▶ _Material supplied_
- Opening Delimiter -

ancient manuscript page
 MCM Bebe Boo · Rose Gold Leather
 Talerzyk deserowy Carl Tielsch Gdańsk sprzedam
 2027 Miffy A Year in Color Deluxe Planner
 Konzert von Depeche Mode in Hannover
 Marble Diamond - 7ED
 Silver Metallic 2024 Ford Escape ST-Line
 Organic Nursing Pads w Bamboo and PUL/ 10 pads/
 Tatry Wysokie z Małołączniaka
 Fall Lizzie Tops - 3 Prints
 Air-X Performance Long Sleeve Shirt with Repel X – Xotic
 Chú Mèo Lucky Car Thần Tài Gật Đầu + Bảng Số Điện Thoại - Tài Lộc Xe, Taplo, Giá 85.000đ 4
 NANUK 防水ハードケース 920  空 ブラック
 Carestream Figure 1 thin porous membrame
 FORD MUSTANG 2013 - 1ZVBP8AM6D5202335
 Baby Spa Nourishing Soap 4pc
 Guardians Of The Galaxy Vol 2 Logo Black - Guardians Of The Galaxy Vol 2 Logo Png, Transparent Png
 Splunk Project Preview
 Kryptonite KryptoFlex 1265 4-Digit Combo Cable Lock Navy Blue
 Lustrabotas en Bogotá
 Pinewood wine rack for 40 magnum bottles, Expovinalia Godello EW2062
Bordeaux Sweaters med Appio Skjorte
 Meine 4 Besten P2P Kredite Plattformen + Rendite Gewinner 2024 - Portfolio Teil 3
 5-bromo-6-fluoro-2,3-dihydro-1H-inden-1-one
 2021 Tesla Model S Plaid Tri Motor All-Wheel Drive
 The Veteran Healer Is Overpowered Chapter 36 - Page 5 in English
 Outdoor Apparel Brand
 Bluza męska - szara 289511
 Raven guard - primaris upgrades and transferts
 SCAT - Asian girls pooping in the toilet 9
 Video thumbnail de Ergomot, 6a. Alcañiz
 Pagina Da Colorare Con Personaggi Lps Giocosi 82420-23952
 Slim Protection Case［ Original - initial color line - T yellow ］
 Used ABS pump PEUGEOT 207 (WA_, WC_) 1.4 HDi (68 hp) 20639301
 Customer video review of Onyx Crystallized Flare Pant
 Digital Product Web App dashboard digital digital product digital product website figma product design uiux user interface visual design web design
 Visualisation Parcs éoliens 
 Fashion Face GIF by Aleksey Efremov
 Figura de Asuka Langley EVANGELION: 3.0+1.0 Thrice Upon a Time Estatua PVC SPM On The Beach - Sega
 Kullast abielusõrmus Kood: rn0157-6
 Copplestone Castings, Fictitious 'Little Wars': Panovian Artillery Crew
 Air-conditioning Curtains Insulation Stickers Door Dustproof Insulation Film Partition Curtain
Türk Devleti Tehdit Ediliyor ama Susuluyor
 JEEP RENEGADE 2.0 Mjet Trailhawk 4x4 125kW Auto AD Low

- Closing Delimiter -

▶ _Activity_
Please return only the lines above, starting at the line that has "Pagina Da Colorare" and ending at the line that has "Fashion Face GIF by Aleksey Efremov", keeping both and leaving each one unchanged.

▶ _Response_
 Pagina Da Colorare Con Personaggi Lps Giocosi 82420-23952
 Slim Protection Case［ Original - initial color line - T yellow ］
 Used ABS pump PEUGEOT 207 (WA_, WC_) 1.4 HDi (68 hp) 20639301
 Customer video review of Onyx Crystallized Flare Pant
 Digital Product Web App dashboard digital digital product digital product website figma product design uiux user interface visual design web design
 Visualisation Parcs éoliens 
 Fashion Face GIF by Aleksey Efremov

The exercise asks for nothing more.